Many primary-care physicians have stopped seeing their patients when they are hospitalized, relying instead on hospitalists devoted to inpatient care. Internists have told me that it is prohibitively inefficient to drive to a hospital, find parking, walk to the wards, examine a patient, check laboratory tests and vital signs, talk to a nurse and write orders and a note — for just a handful of cases. They cannot afford to leave their offices long enough to do it.
The upshot is that the doctor who knows a patient best is often uninvolved in her care when she is hospitalized.
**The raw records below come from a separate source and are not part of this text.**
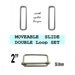 10 DOUBLE Loop SETS, 2 inch Moveable Sliders and 2 inch Split Rectangular Loops, Nickel Plate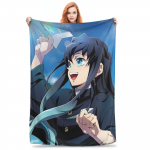 Muichiro Tokito Tekid Korallfliisist Pl&uuml;&uuml;sist Anime Demon Slayer Soojad Visketekid Lennureisiks Magamistoa Tekk 30x40in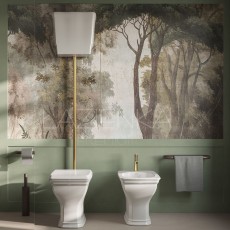 Art ceram Civitas WC with flor drain + High level ceramic cistern gold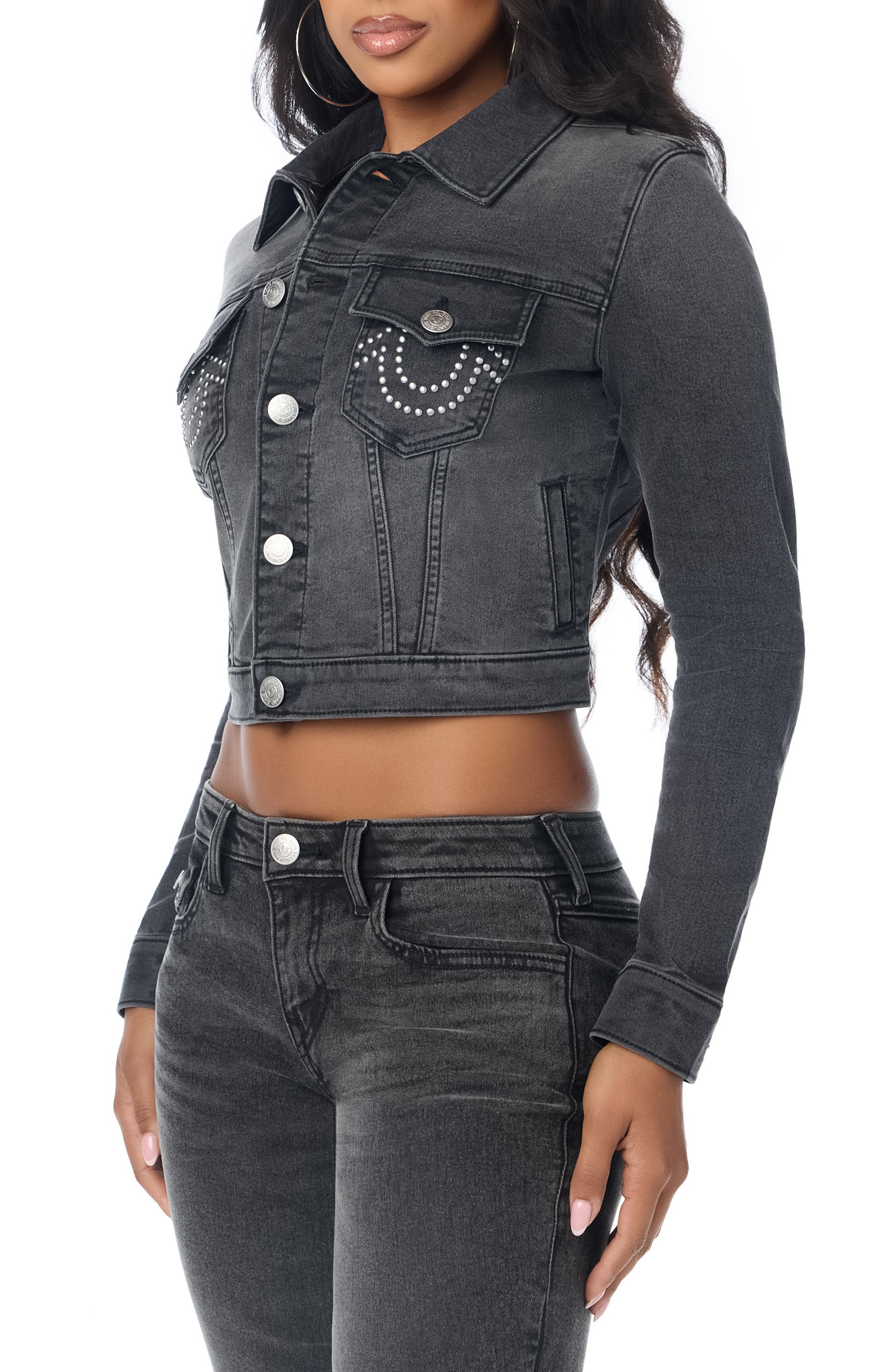 True Religion Jesse Studded Cropped Denim Jacket (Women) | Nordstromrack
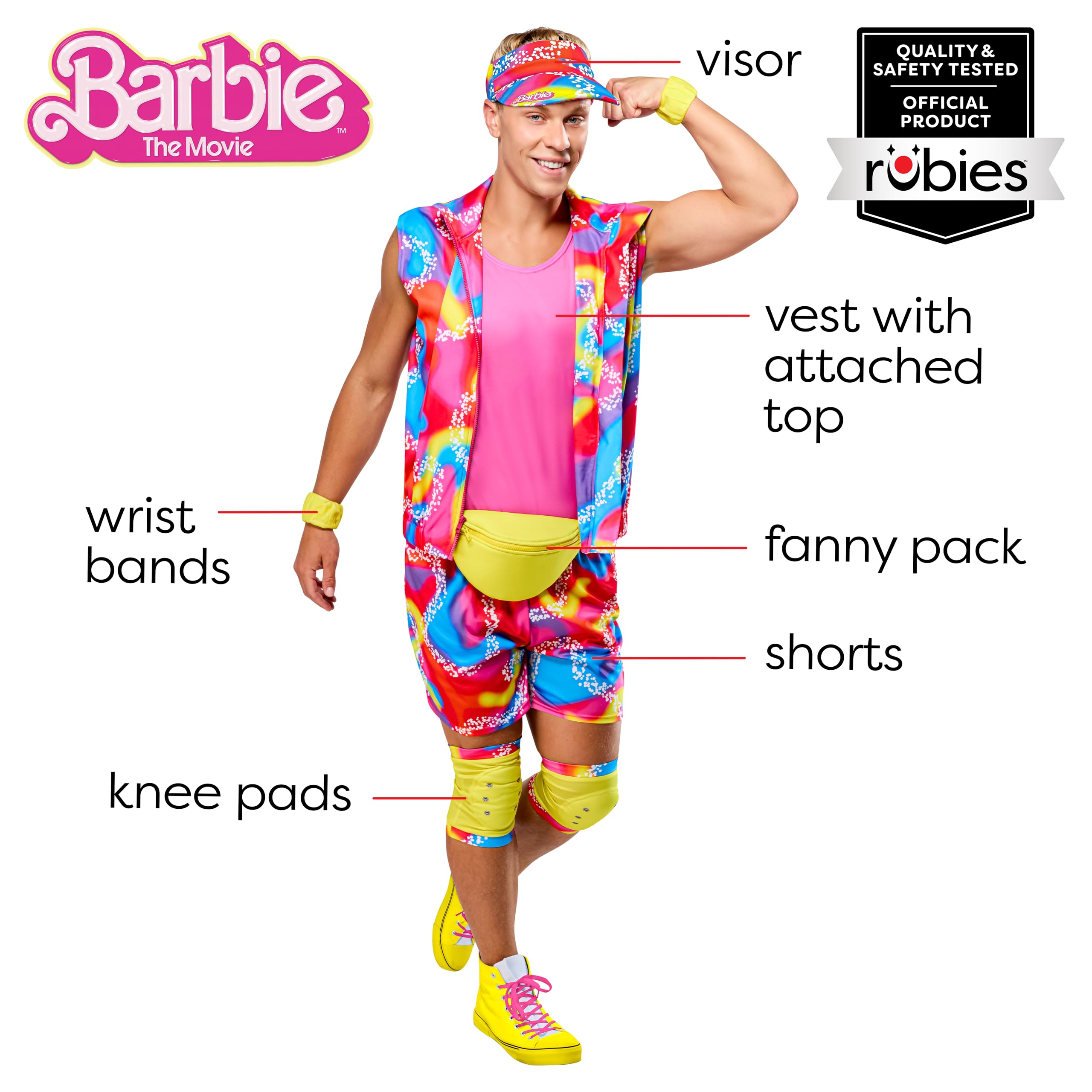 Rubies Oficjalny kostium dla dorosłych Rollerskate Ken, fantazyjna sukienka dla dorosłych, rozmiar M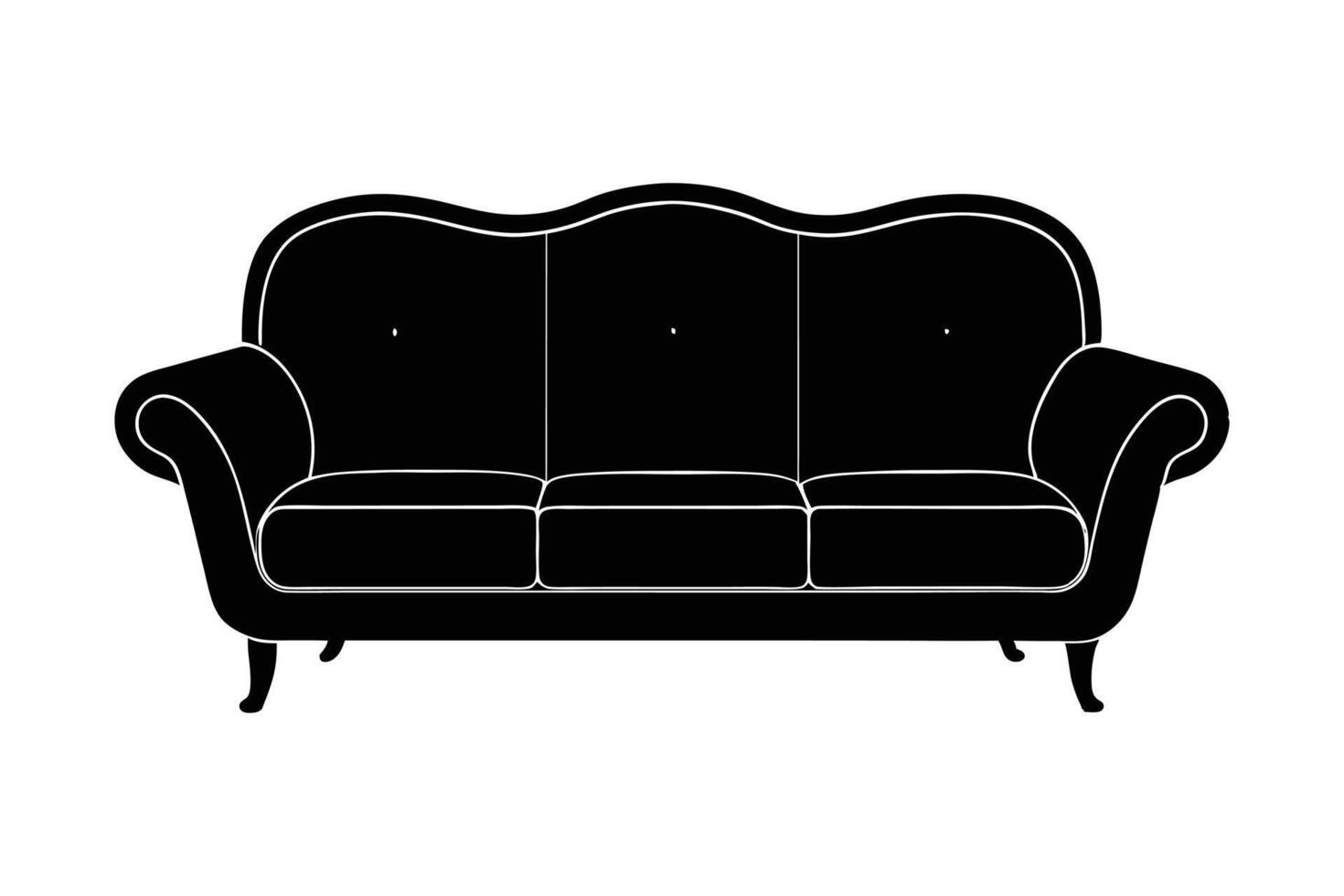 Furniture Sofa Illustration - Modern Minimalist Icon for Home Decor Design vector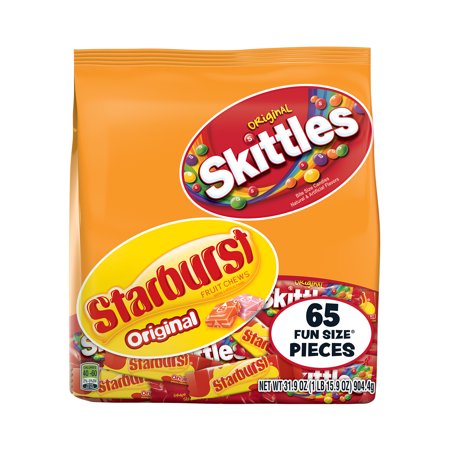 Skittles & Starburst Fruity Candy, Fun Size Variety Mix Bag, 31.9 Ounce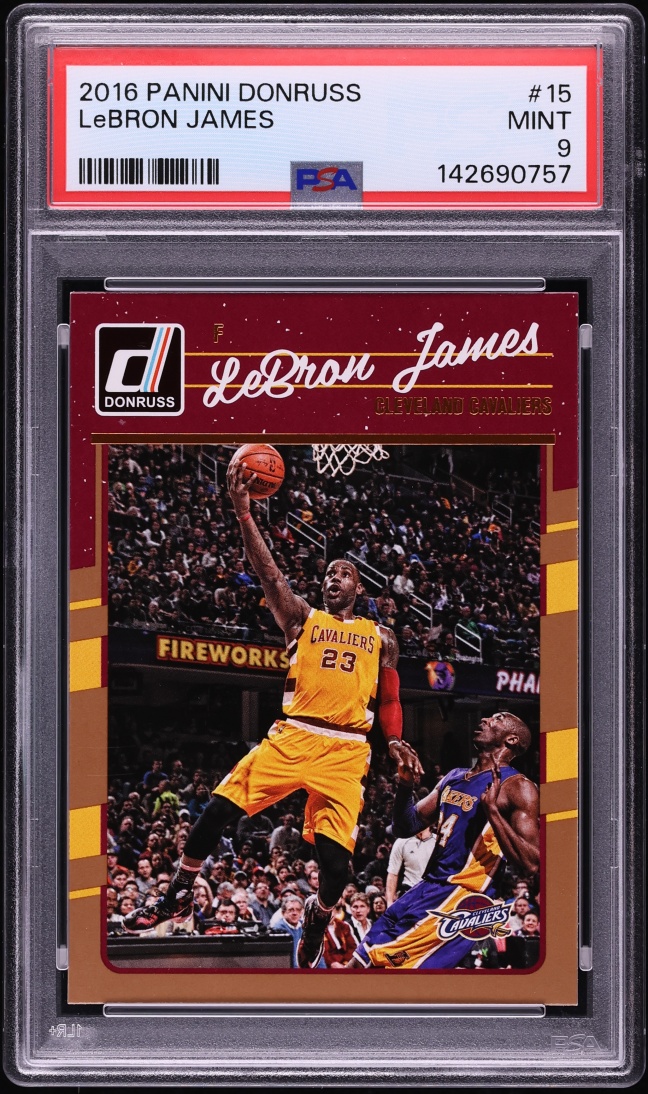 2016 Donruss Basketball LeBron James w/ Kobe Bryant #15 PSA 9 MINT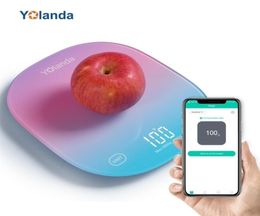 Yolanda 5 kg Smart Kitchen Scale App Bluetooth Bluetooth Balance de peso de alimentos Digital Análisis de nutrición de la herramienta de urgencia 2202087755608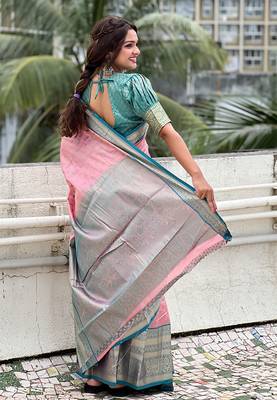 Pink kanjivaram tissue silk traditional zari woven saree 4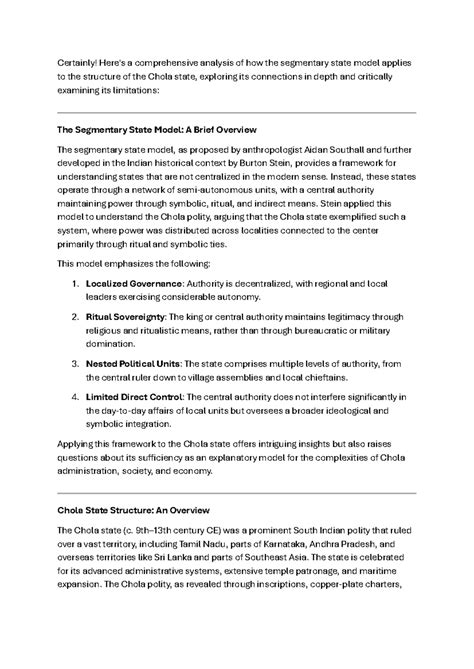 Chola State Analysis: Insights from the Segmentary State Model - Studocu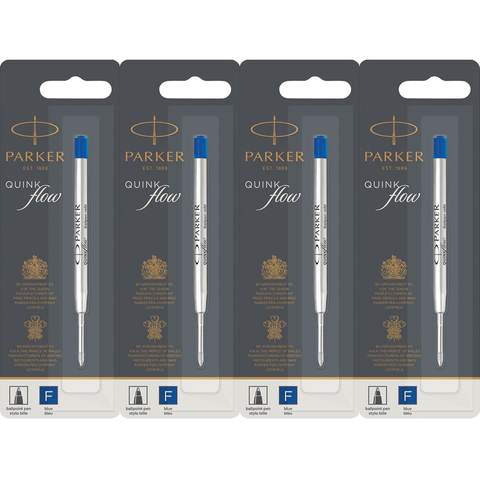 Parker Pack 4 Quink Flow Pen Refill Ballpoint Fine (Blue)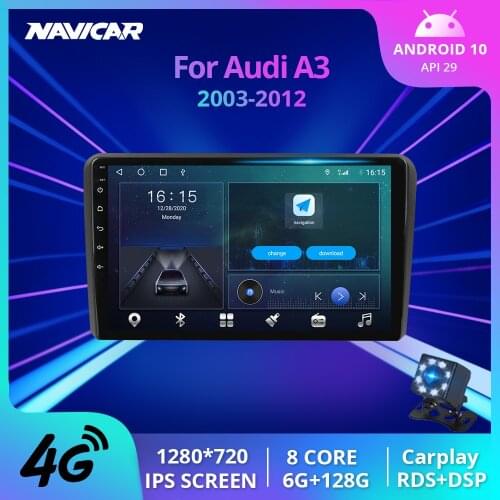 2Din Android10 Car Radio For Audi A3 8P S3 2003-2012 Stereo Receiver GPS Navigation Auto Radio Car Multimedia Player NO 2DIN DVD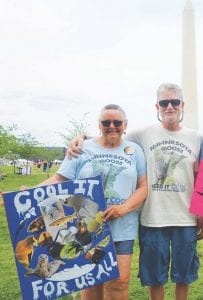 Ellen Hawkins and her husband Rick Brandenburg joined with more than 20,000 people in Washington, D.C. on April 29 to participate in the Climate March.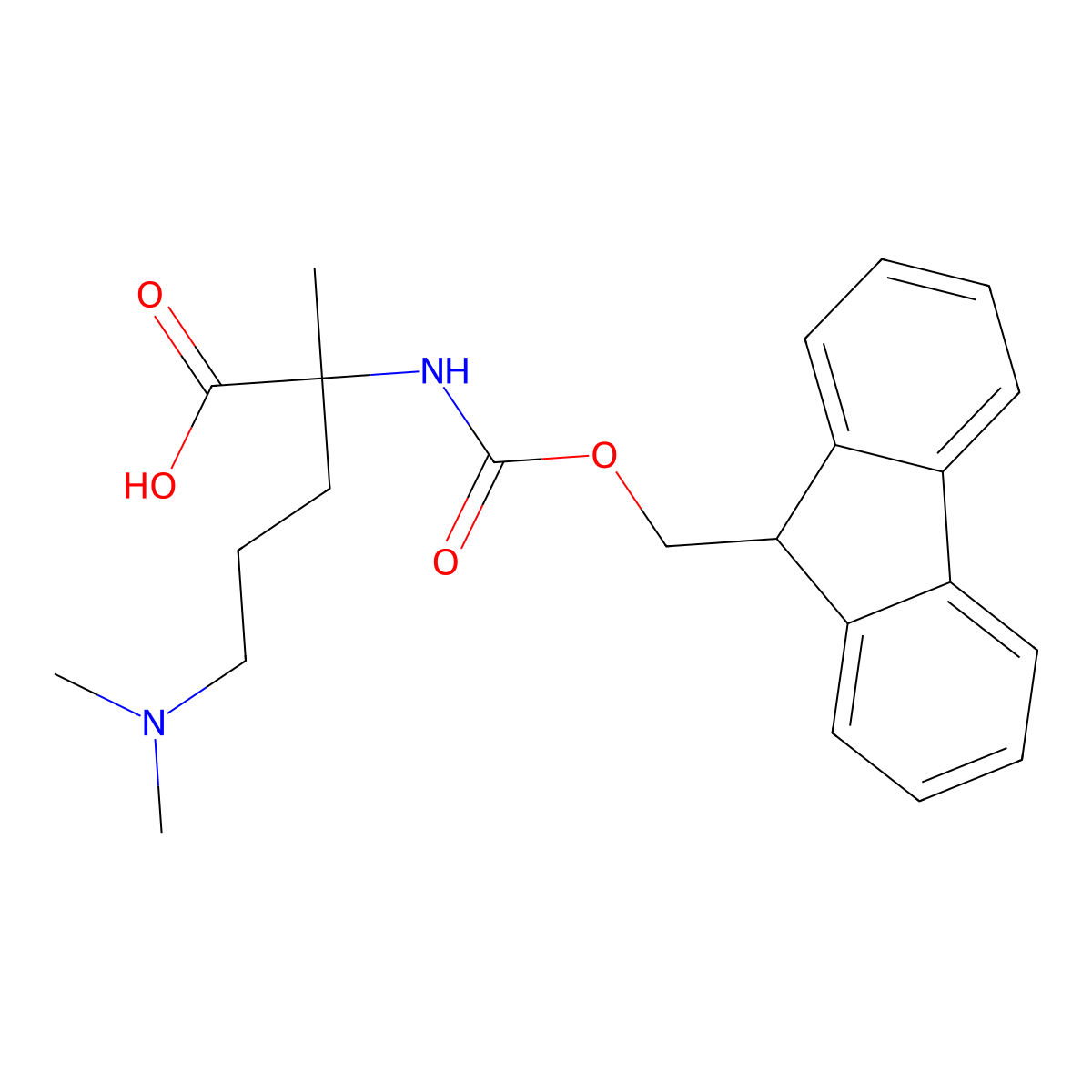 5-(dimethylamino)-2-({[(9H-fluoren-9-yl)methoxy]carbonyl}amino)-2-methylpentanoic acid molecular structure, CAS 2171645-53-5
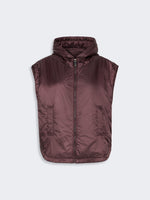 Padded, Hooded Gilet In Water-Repellent Canvas for Women - Bordeaux - Max Mara UAE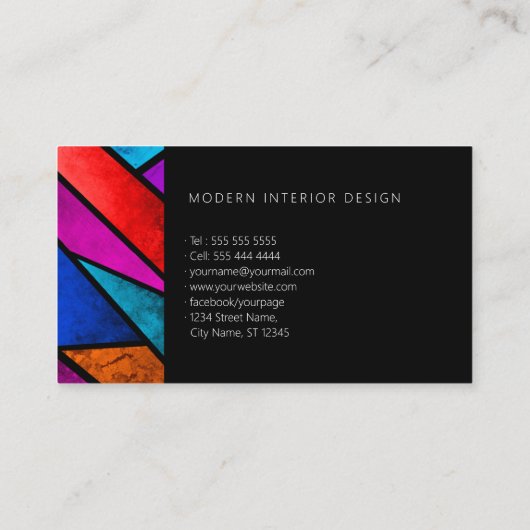 Farbenfrohe Abstrakt geometrische Lila Farbe Blau  Visitenkarte (Rückseite)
This contributes to the poor coordination and wanton consultation that is so common in hospitals today.
“Years ago you had one or two doctors,” a hospitalized patient told me recently. “Now you’ve got so many people coming in it’s hard to know who’s who.”
A 10.6 percent cut in Medicare payments to physicians is scheduled to take effect on July 1. Further cuts are planned in coming years. Many doctors have told lawmakers that if the cuts go through, they will stop seeing Medicare patients. But reimbursement cuts are only a small part of doctors’ woes today.
“I was naïve,” Saeed Siddiqui said. “When I was a resident I thought it was enough to take good care of patients. But the real world is totally different.”
Dr. Sandeep Jauhar, a cardiologist on Long Island, is the author of a new memoir, “Intern: A Doctor’s Initiation.”